Hello everyone
I plan to do the dot production for multiple vectors, so I modify the example function DSPF_sp_dotp_cplx. The following is the modified function. I want know that if I use MUST_ITERATE(48,,48) correctly, or not. I mean will the Outside FOR loop be unrolled for 48n times; Will the inside FOR loop be unrolled at the same time? If I want to make the inside FOR loop unrolled, how can I do?
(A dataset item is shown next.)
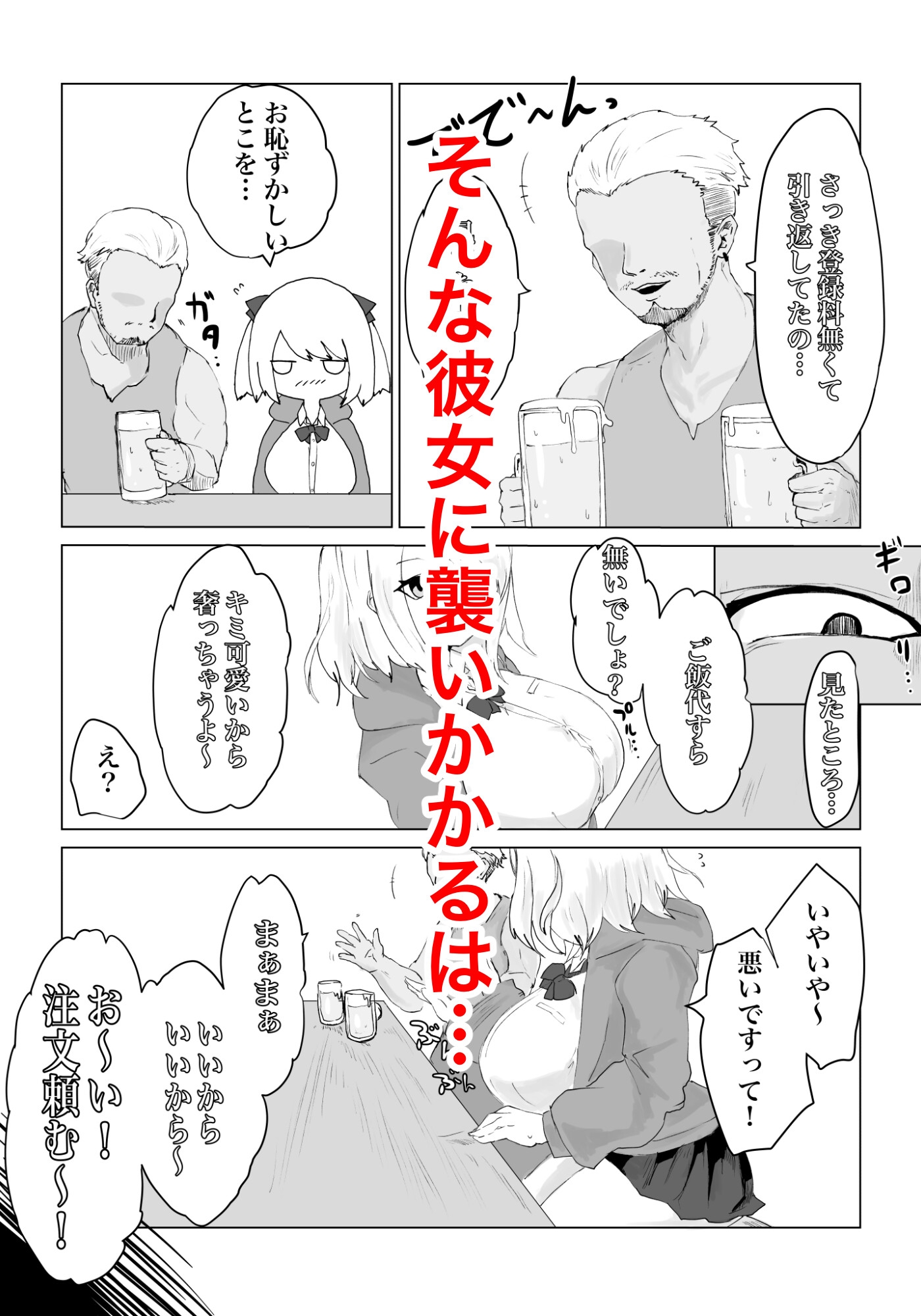 【エロ同人】異世界の堕とし穴~爆乳JKの異世界ライフ~のトップ画像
I am using Compiler Version 8.0.4, and Opt Level is set at 3.
Thanks
Xining Yu
void DSPF_sp_dotp_cplx_new(const float * x, const float * y, unsigned int nx, unsigned int ny,
float * restrict re, float * restrict im)
{
unsigned int i, j;
__float2_t x0_im_re, y0_im_re, result0 = 0;
__float2_t x1_im_re, y1_im_re, result1 = 0;
__float2_t x2_im_re, y2_im_re, result2 = 0;
__float2_t x3_im_re, y3_im_re, result3 = 0;
__float2_t result;
_nassert(nx % 4 == 0);
_nassert(nx > 0);
_nassert((int)x % 8 == 0);
_nassert((int)y % 8 == 0);
#pragma MUST_ITERATE(48,,48);
for (j = 0; j < nx; j += 48)
{
for(i = 0; i < 2 * ny; i += 8)
{
/* load 4 sets of input data */
x0_im_re = _amem8_f2((void*)&x[i+j]);
y0_im_re = _amem8_f2((void*)&y[i]);
x1_im_re = _amem8_f2((void*)&x[i+2+j]);
y1_im_re = _amem8_f2((void*)&y[i+2]);
x2_im_re = _amem8_f2((void*)&x[i+4+j]);
y2_im_re = _amem8_f2((void*)&y[i+4]);
x3_im_re = _amem8_f2((void*)&x[i+6+j]);
y3_im_re = _amem8_f2((void*)&y[i+6]);
/* calculate 4 running sums */
result0 = _daddsp(_complex_mpysp(x0_im_re, y0_im_re), result0);
result1 = _daddsp(_complex_mpysp(x1_im_re, y1_im_re), result1);
result2 = _daddsp(_complex_mpysp(x2_im_re, y2_im_re), result2);
result3 = _daddsp(_complex_mpysp(x3_im_re, y3_im_re), result3);
}
result = _daddsp(_daddsp(result0,result1),_daddsp(result2,result3));
result0 = 0; result1 = 0; result2 = 0; result3 = 0;
*re = -_hif2(result);
*im = _lof2(result);
re += 2;
im += 2;
}
}